2. Nemestran: 3-nortestosterone (r2323) is a derivative of 19-nortestosterone. It has high anti-progesterone activity and moderate anti-estrogenic effect. The secretion of fsh and lh reduces the estrogen level in the body, causing the ectopic endometrium to atrophy and absorb.

3. Gonadotropin-releasing hormone agonist (gnrha): Meldtum and Lemay reported in 1982 that the application of lhrha in the treatment of endometriosis has achieved good results. Lhrh has biphasic effects on the pituitary gland. The continuous application of large amounts of LHRH causes the pituitary cells to show a down-regulatory reaction, that is, the pituitary cell receptors are occupied by the hormone and cannot synthesize and release FSH and LH, thus acting as a counter-regulatory effect. Side effects include hot flashes, dry penis, headache, small amount of vaginal bleeding, etc.

4. Tamoxifen (tmx): a derivative of distyrene. The dose is 10 mg × 2/d, starting on the fifth day of menstruation, and a 20-day course of treatment is used.

5. Synthetic progestins: Periodic treatment with isonandrosterone, norethindrone or medroxyprogesterone (medroxyprogesterone) can be used to degenerate the ectopic endometrium. From the sixth day to the twenty-fifth day of the menstrual cycle, take 5 to 10 mg of one of the above drugs orally daily. The course of treatment depends on the effectiveness of the treatment. This method can inhibit ovulation.

6. Testosterone: It also has a certain effect on this disease. The dosage should be determined according to the patient's tolerance.

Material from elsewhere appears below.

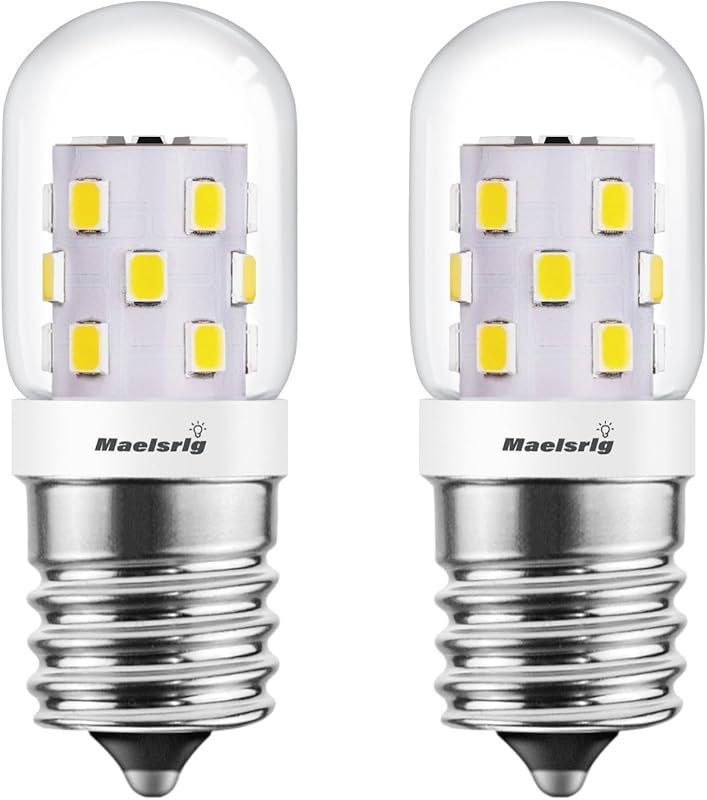 Maelsrlg E17 LED Bulbs for Range Hood, Dimmable 40W Equivalent, Daylig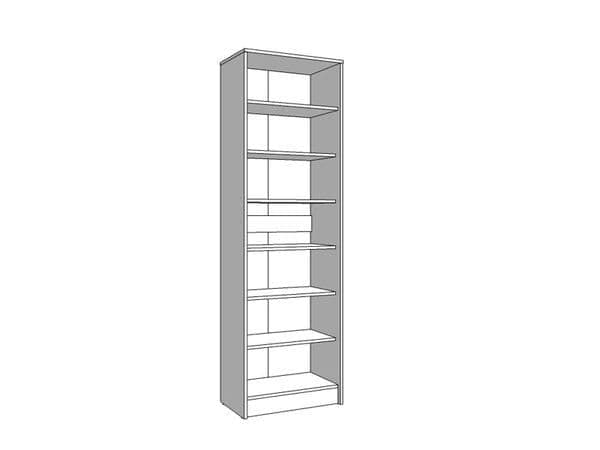 Cotswold Oak Effect Tall Multipurpose Shoe Storage Cupboard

The best starting dose is 10 mg, twice a day, taken orally 2 weeks after the menstrual cycle. This dose rarely affects the menstrual cycle and produces virilizing side effects. However, to achieve the purpose of pain relief, it often needs to be taken continuously for several cycles. After that, the dose can be reduced and the treatment can be maintained for a period of time, and then the drug can be stopped for observation. If pregnancy can occur, the disease can be cured.

3. Radiotherapy

Although radiotherapy has been used for endometriosis for many years, it uses a variety of drugs and surgeries to achieve high efficacy and generally does not destroy ovarian function. , and the role of radiation therapy for endometriosis is to destroy ovarian tissue, thereby eliminating the influence of ovarian hormones and shrinking the ectopic endometrium to achieve the purpose of treatment. The damaging effect of radiation on ectopic endometrium is not obvious, but I am very interested in patients who are unable to tolerate hormone therapy and whose lesions are located in the intestines, urinary tract and extensive pelvic adhesions, especially those combined with serious diseases such as heart, lung or kidney. Individual patients who are afraid of surgery can also use external radiotherapy to destroy ovarian function to achieve the purpose of treatment. Even if individual patients receive radiotherapy, a clear diagnosis must be made first. In particular, malignant ovarian tumors must not be misdiagnosed as endometrial cysts, resulting in incorrect treatment and delay in correct treatment.